Cet appel vise notamment à favoriser l’adhésion de nouveaux membres et à permettre aux jeunes de trouver, au sein du mouvement, un espace de prière, de formation chrétienne, de fraternité et d’engagement.
Dans la continuité de cette dynamique de formation, une session diocésaine de formation des membres de la Croisade Eucharistique est annoncée à Bobandana, du 13 au 17 août 2026.
Cette session devrait réunir principalement les responsables paroissiaux de la Croisade Eucharistique. Elle aura pour objectif de renforcer leurs capacités afin de leur permettre d’accomplir plus efficacement leur mission dans leurs différentes paroisses.
Cette initiative s’inscrit ainsi dans une volonté de renforcer l’encadrement des membres et d’améliorer l’accompagnement pastoral et spirituel du mouvement au niveau paroissial.
À travers cette Journée technique, les Croisés des doyennés de Goma 1, 2 et 3 ont voulu rappeler que la Croisade Eucharistique ne se limite pas à une simple appartenance à un mouvement. Elle se veut avant tout un chemin de foi construit autour de l’Eucharistie, de la prière, de l’adoration, de la formation et de l’engagement chrétien.
La réflexion autour de « Quam Singulari » aura ainsi permis de replacer la question de la première communion des enfants dans une perspective historique et spirituelle, tout en rappelant la responsabilité des parents, des éducateurs et des responsables ecclésiaux dans l’accompagnement de la foi des plus jeunes.
Dans une ville de Goma où les communautés chrétiennes continuent de faire face à de nombreux défis sociaux et humains, les responsables de la Croisade Eucharistique entendent maintenir un espace où enfants, jeunes et adultes peuvent grandir dans la foi et approfondir leur relation avec le Christ.

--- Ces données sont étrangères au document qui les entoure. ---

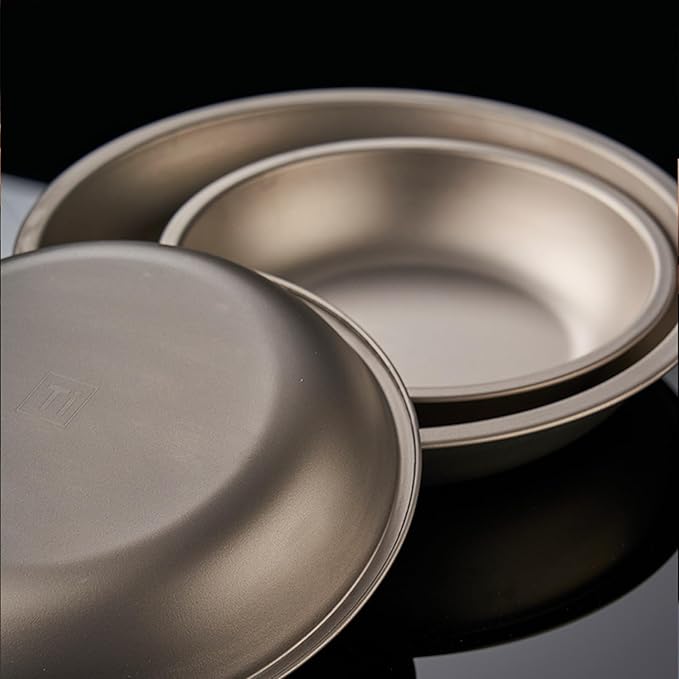 Titanium Bowl 800ml Wide Shallow Dish Mixing Bowl for Camping Meals Salad Pasta 79g Ultralight Druable Multi-purpose Utensils RT100T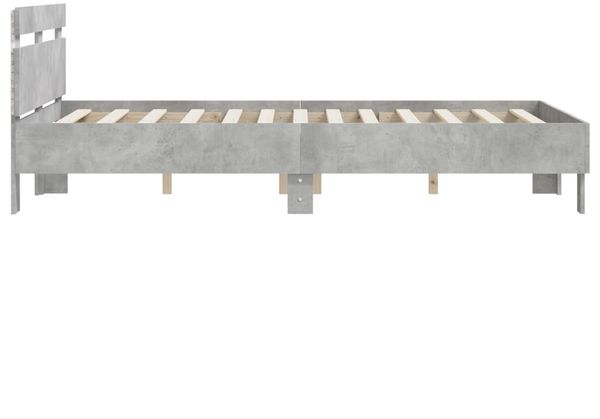 vidaXL Bettgestell mit Kopfteil LED-Beleuchtung Betongrau 135x190 cm 3207570 Bild 8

La Journée technique aura donc été à la fois un temps d’adoration, de formation, de renouvellement des engagements et d’ouverture à de nouveaux membres. Une dynamique que les responsables du mouvement souhaitent désormais poursuivre à travers la session diocésaine annoncée à Bobandana.
La Croisade Eucharistique reste ainsi fidèle à son appel : conduire les cœurs vers le Christ eucharistique, dès le plus jeune âge, et faire de l’Eucharistie une source de vie, de prière et d’engagement chrétien.